- _WHAT THE EXERCISE ASKS_:
In the entries below, the word "home" appears on some lines. Copy each of those lines.

[Dataset items]
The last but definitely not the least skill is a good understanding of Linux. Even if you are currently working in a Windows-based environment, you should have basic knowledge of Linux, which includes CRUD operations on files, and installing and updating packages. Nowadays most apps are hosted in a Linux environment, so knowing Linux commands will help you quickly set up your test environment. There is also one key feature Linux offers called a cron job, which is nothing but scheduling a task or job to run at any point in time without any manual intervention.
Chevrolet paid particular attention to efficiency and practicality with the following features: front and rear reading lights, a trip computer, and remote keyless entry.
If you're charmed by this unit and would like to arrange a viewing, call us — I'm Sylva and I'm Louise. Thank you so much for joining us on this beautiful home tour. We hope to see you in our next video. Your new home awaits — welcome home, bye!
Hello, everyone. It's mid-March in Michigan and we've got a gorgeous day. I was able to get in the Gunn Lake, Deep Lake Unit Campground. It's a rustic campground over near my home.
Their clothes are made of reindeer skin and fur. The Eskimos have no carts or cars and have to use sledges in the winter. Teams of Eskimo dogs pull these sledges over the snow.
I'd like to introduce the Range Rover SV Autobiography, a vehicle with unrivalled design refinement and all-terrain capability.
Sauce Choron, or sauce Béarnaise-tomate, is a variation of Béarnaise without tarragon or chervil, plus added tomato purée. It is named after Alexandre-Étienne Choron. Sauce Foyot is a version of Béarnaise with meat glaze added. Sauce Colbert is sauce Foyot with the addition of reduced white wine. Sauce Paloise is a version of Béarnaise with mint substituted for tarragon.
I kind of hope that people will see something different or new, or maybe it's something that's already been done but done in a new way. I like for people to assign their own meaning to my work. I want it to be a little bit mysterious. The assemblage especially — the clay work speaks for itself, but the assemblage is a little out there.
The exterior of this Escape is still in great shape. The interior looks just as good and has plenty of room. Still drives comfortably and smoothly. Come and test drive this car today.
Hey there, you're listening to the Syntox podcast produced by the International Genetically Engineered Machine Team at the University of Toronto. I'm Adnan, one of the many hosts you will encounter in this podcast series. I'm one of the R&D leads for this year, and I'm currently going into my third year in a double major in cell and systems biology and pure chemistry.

- _TASK SOLUTION_:
If you're charmed by this unit and would like to arrange a viewing, call us — I'm Sylva and I'm Louise. Thank you so much for joining us on this beautiful home tour. We hope to see you in our next video. Your new home awaits — welcome home, bye!
Hello, everyone. It's mid-March in Michigan and we've got a gorgeous day. I was able to get in the Gunn Lake, Deep Lake Unit Campground. It's a rustic campground over near my home.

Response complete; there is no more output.